The birth of my two children has been the most meaningful event in my life. When my daughter was born I remember asking myself about how to bring meaning in my professional life. I had enjoyed my corporate work but felt that something was missing. At that time I briefly contemplated becoming a psychotherapist. I had received therapy in my late teens and had found that encounter profoundly meaningful, but implicitly ruled this career out (in retrospect rightfully, as I believe I was not mature enough then).

Instead, I turned to the study of life from a geopolitical perspective after having read a book on diplomacy by a former U.S. Secretary of State. I took international affairs classes at the Johns Hopkins University and then studied at the University of California, Irvine the causes of war. I became interested in what was the only empirically-validated statement in the field of international relations (to my knowledge): that liberal democracies do not go to war against each other.
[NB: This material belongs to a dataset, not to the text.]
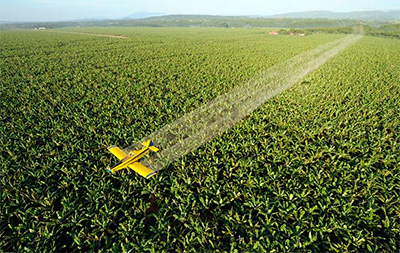 Ministra tenta flexibilizar uso de agrotóxicos, diz pesquisador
I ended up wondering how this type of political organization comes to life and I became interested in culture, how it gets constituted, its attributes, its effects on its members and on others, and its evolution.
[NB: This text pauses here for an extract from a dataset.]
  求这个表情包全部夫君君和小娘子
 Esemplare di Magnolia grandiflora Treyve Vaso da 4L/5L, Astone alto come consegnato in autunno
I had first discovered culture in my travels. It is when I left my home country for the first time that I became actually aware that culture existed, other than at an intellectual level. Prior to that, it had been so pervasive that I had no felt awareness of its existence (or power). The descriptions of culture I came across, however, did not account for the human complexity as I had experienced it in the countries I lived in. So I looked where I thought would be enough complexity: psychology and complexity theory.

What I found, in addition to answering my questions about culture, was purpose. I realized that I had actually come to psychology because I felt ready, and also because I love being a dad, because I love providing what I think all of us should receive growing up, myself included, and through life: the continued experience of being deeply listened to, appreciated, and being provided with the tools that we need to grow and shine.

My psychotherapy practice includes elements of psycho-education, psychodynamic approaches, Jungian psychology, attachment theory, emotionally focused therapy (EFT), person-centered approach, gestalt, cognitive behavioral therapy (CBT), EMDR, dialectical behavior therapy (DBT), and mindfulness as a function of what is called for. I am also a trained yoga nidra mindfulness meditation instructor. I completed my psychotherapist training with an emphasis in depth psychology at the Pacifica Graduate Institute in Santa Barbara.